EXERCISE MATERIAL:
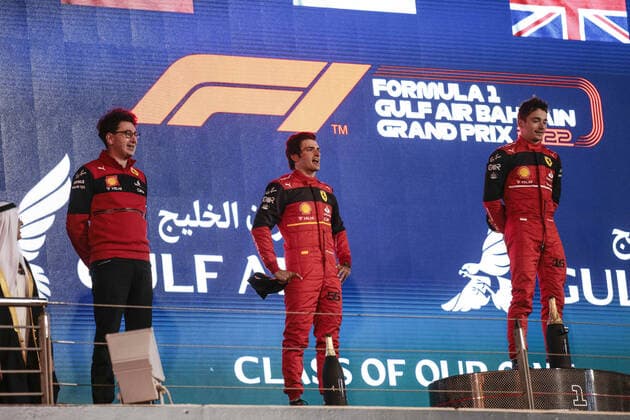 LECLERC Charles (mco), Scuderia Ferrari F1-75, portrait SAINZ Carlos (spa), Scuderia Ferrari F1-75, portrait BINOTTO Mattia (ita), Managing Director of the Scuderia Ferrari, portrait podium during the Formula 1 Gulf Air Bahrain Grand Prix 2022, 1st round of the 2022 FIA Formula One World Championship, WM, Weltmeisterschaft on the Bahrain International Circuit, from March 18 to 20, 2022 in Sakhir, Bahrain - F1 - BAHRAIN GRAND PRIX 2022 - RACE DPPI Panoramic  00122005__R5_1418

* * *

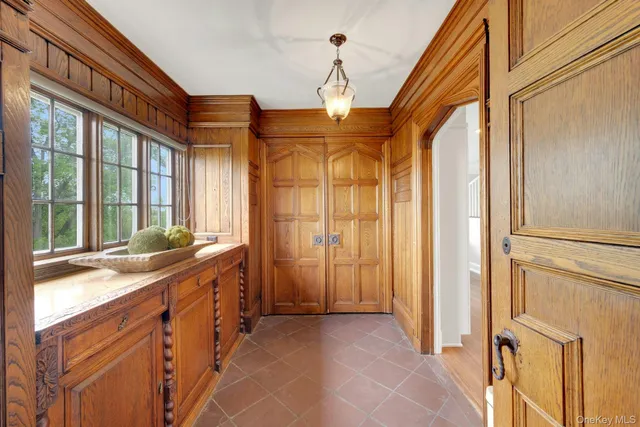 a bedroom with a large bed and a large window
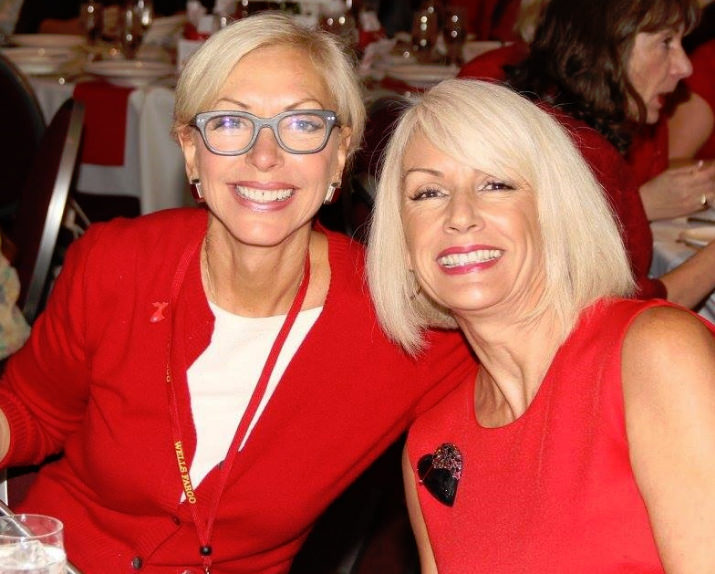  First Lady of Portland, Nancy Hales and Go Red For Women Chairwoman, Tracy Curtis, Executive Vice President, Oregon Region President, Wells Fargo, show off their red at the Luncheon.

EXERCISE INSTRUCTIONS: Above are some entries. Restate word for word the lines from the one holding "a bedroom with" through the one holding "First Lady of", but not the pictures.

REPLY TO THE EXERCISE:
 a bedroom with a large bed and a large window
  First Lady of Portland, Nancy Hales and Go Red For Women Chairwoman, Tracy Curtis, Executive Vice President, Oregon Region President, Wells Fargo, show off their red at the Luncheon.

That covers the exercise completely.